After locating the line that bears "2006_0131_144025AA2", restate word for word that line and the rest of the listing to its final line, excluding all pictures.
※ ※ ※
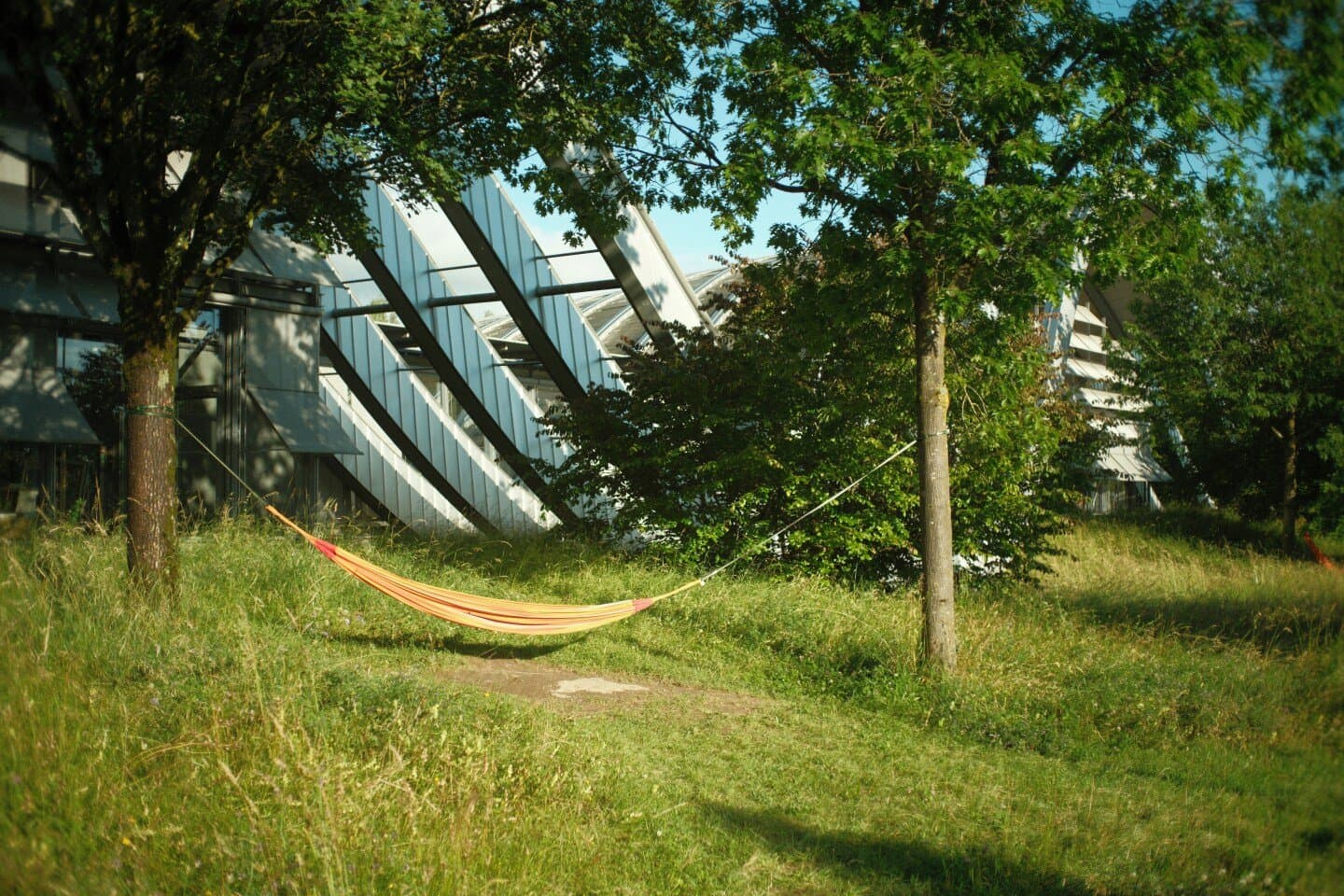 Zentrum Paul Klee, image 1 of 1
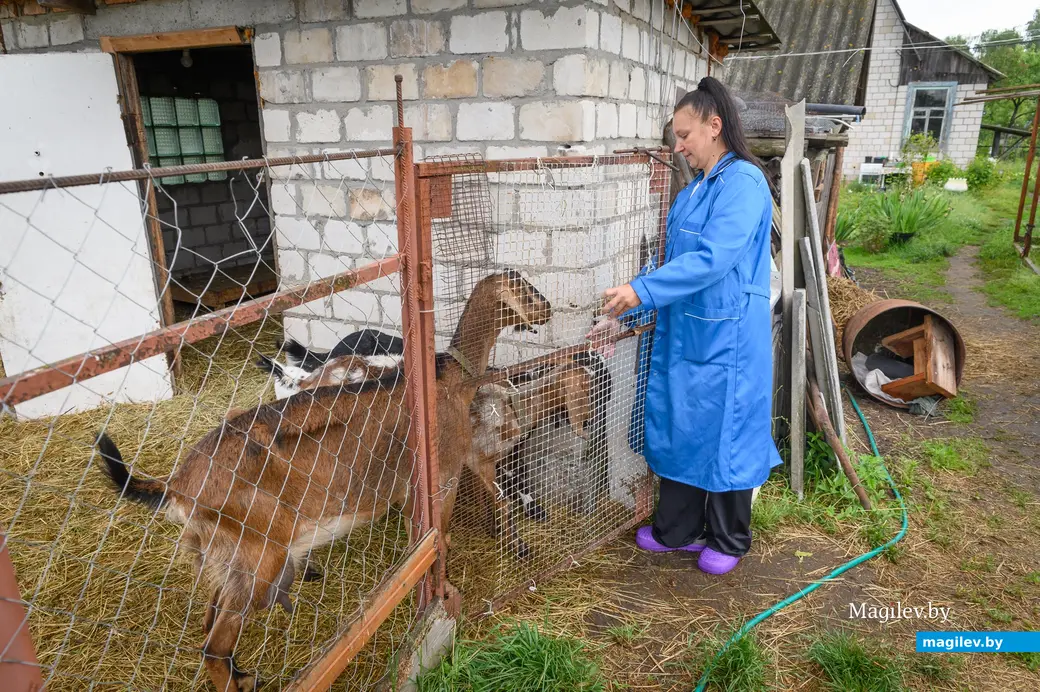 05.06.2024. Бобруйский район. Наталья Митюшева держит на дачном участке нубийских коз.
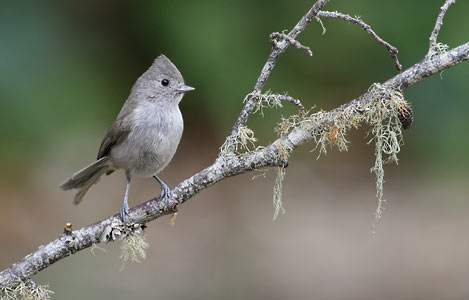Oak Titmouse (Baeolophus inornatus) photo image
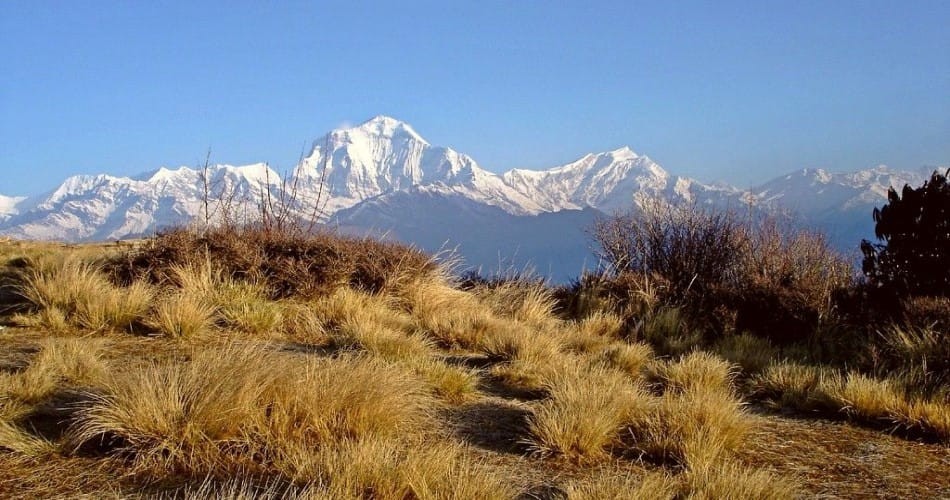Poon Hill Ghorepani Trek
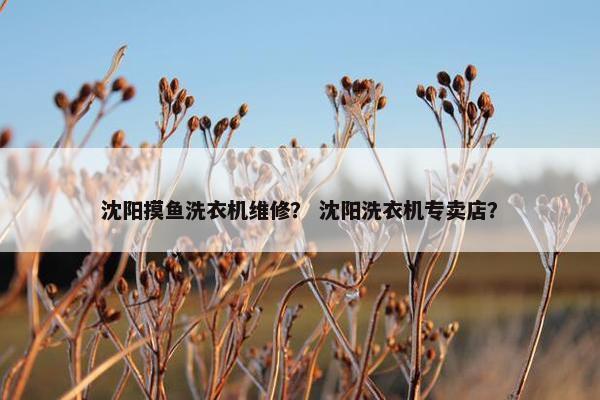 沈阳摸鱼洗衣机维修？ 沈阳洗衣机专卖店？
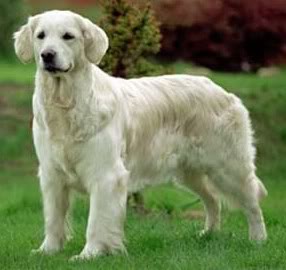 Tsubura Mimoza | Golden Retriever 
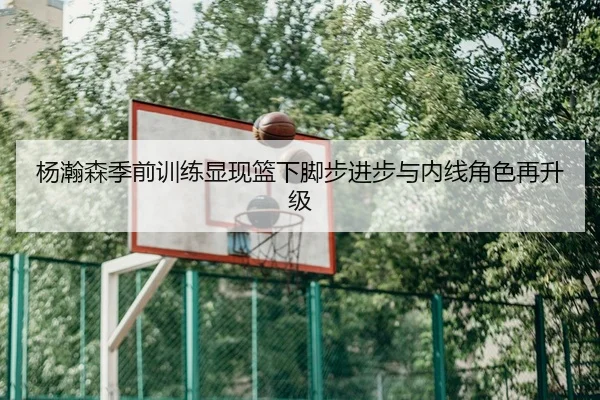 杨瀚森季前训练显现篮下脚步进步与内线角色再升级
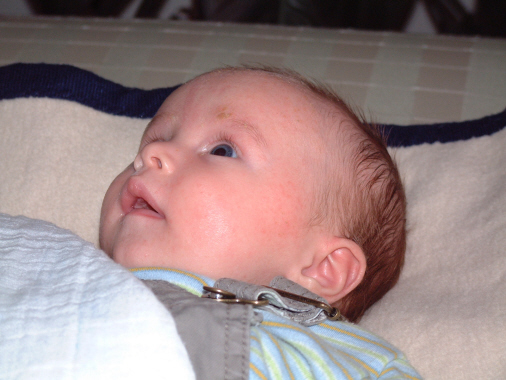 2006_0131_144025AA2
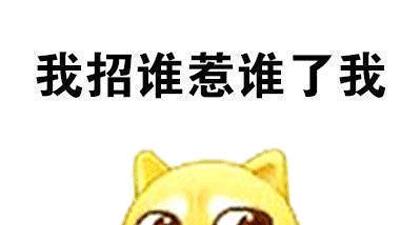 桉月|表情包：我招惹谁了搞笑的表情
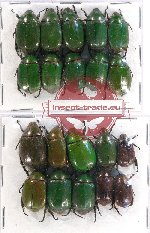 Scientific lot no. 191 Rutelinae (20 pcs)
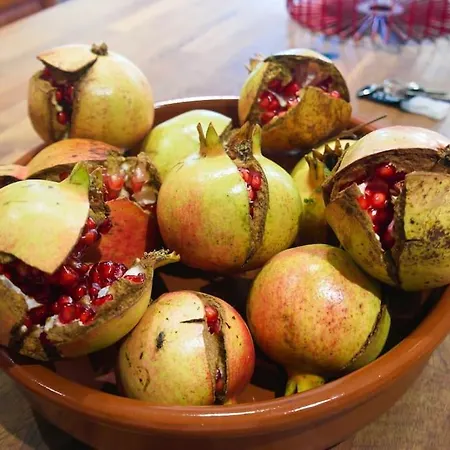 Prázdninový dům Casa Triana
※ ※ ※
■ ANSWER TO THIS PROBLEM
 2006_0131_144025AA2
 桉月|表情包：我招惹谁了搞笑的表情
 Scientific lot no. 191 Rutelinae (20 pcs)
 Prázdninový dům Casa Triana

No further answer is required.